Generate synthetic data (multiple features)
Usage
generate_synthetic_data_p(
n_subjects = 100,
n_timepoints = 11,
n_features = 2,
feature_type = "binary",
observation_variance = 1,
random_effect_variance_ratio = 1,
random_effect_ar1_correlation = 0.9,
effect_size = 1,
effect_groupsparsity = 0.5,
effect_sparsity = 0.5,
prop_observed = 0.7,
missingness = "uniform",
seed = 1
)
Arguments
- n_subjects
Number of subjects (default 100).
- n_timepoints
Number of time points at which the data is sampled spread regularly on the \([0,1]\) interval (default 11).
- n_features
Number of features in addition to the intercept (default 2).
- feature_type
Type of feature (implemented: "binary" (default), "uniform", "normal").
- observation_variance
Variance of the observation error (default 1).
- random_effect_variance_ratio
Ratio of the variance of the random effect to the variance of the observation error (default 1).
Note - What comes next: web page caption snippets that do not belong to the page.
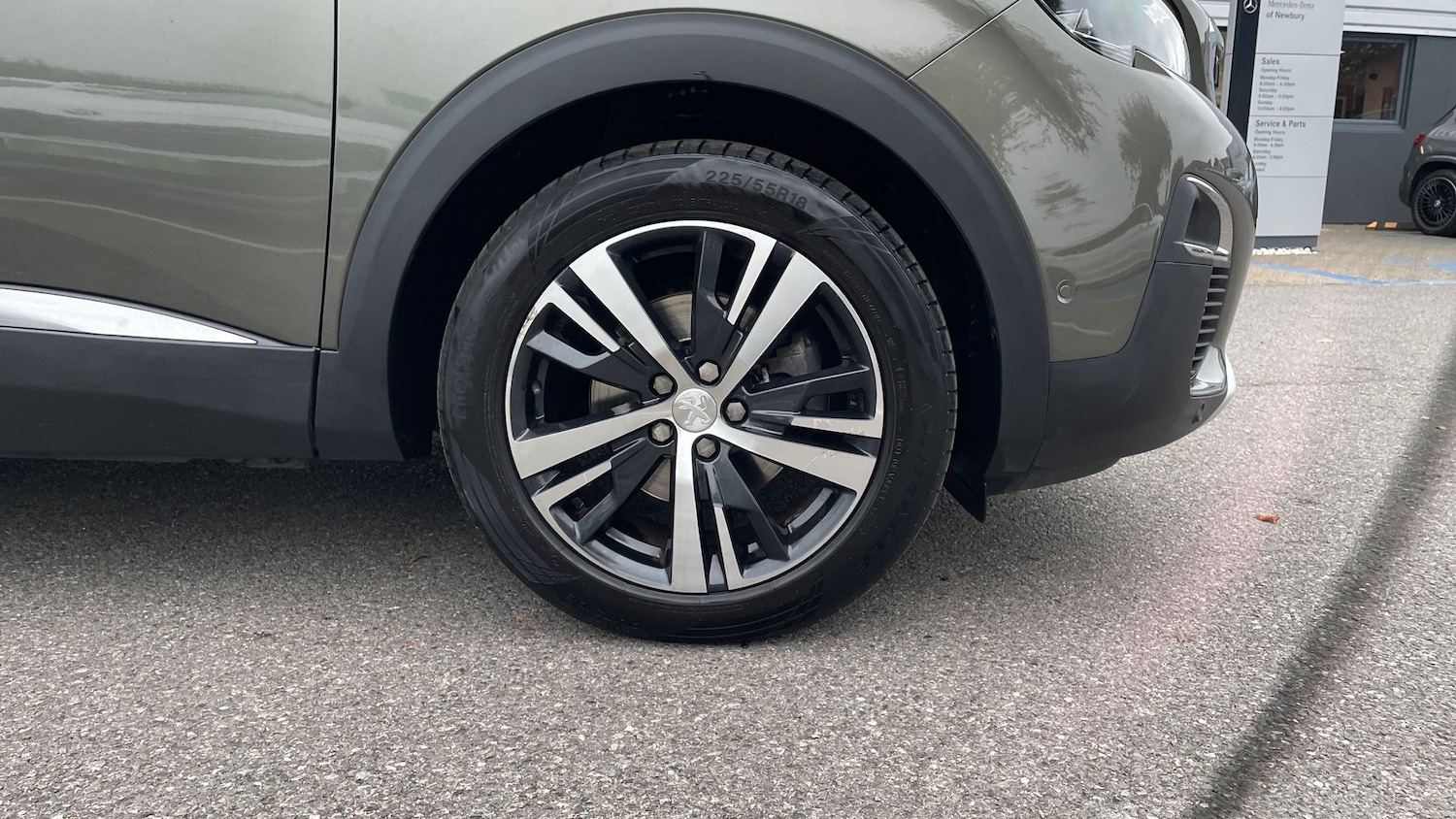 Used Peugeot 3008 2018 for sale - 76413779: Photo 5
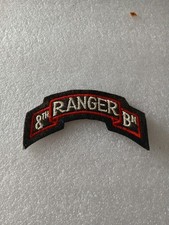 Patch armee us 8TH RANGER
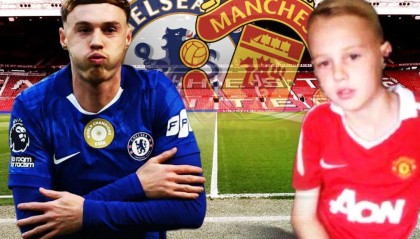 极速赛车-曝帕尔默愿加盟曼联实现儿魔梦，不考虑回曼城！切尔西标价1.5亿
- random_effect_ar1_correlation
Correlation between two random effects at two consecutive timepoints (default 0.9).
- effect_size
Effect size of the features (default 1).
- effect_groupsparsity
Proportion of features that have no effect (default 0.5).
- effect_sparsity
Proportion of the domain that has null effect (default 0.5).
- prop_observed
Proportion of observed time points (default 0.7).
- missingness
Missing observation mechanism (implemented: "uniform" (default), "contiguous", "sqrt", "fixed_uniform")
- seed
Seed for the random number generator (default 1).
Value
A list containing the following elements:
- data
A data frame containing the longitudinal data in long format.
- data_wide
A data frame containing the longitudinal data in wide format.
- data_wide_imputed
A data frame containing the longitudinal data in wide format with imputed missing values.
- true_values
A data frame containing the true values of the fixed effects.
- times
A vector of timepoints at which the data is sampled.
- colnames
A list containing the column names of the data frames.
Details
The data is generated according to the following model:
$$y_{ij} = \beta_0(t_{ij}) + \sum_{k=1}^{p} \beta_k(t_{ij}) x_{ik} + \theta_{ij} + \epsilon_{ij}$$
where \(y_{ij}\) is the \(j\)th response of subject \(i\), at time \((t_{ij})\),
\(x_{ik}\) is the \(k\)th feature of subject \(i\),
\(\theta_{ij}\) is the random effect of subject \(i\) at time \(j\),
\(\epsilon_{ij}\) is the observation error of subject \(i\) at time \(j\),
\(\beta_0(\cdot)\) is the intercept function, and \(\beta_1(\cdot)\) is the effect size.
The random effects are generated according to a multivariate normal distribution
with mean 0 and covariance matrix \(\Sigma\) such that \(\Sigma_{ij} = r\sigma^2\rho^{|i-j|}\)
(\(\rho\) defined by random_effect_ar1_correlation
and \(r\) by random_effect_variance_ratio
).
The observation errors are generated according to a multivariate normal distribution
with mean 0 and covariance matrix \(\sigma^2 I\)
(\(\sigma^2\) defined by observation_variance
).
The random effects and observation errors are independent.
The observations are then sampled uniformly at a proportion prop_observed
of the timepoints.
An imputed version of the data is also provided where the missing values are imputed using
the function [refund::fpca.sc].
The data is returned in three formats:
- data
A data frame containing the longitudinal data in long format.
- data_wide
A data frame containing the longitudinal data in wide format.
- data_wide_imputed
A data frame containing the longitudinal data in wide format with imputed missing values.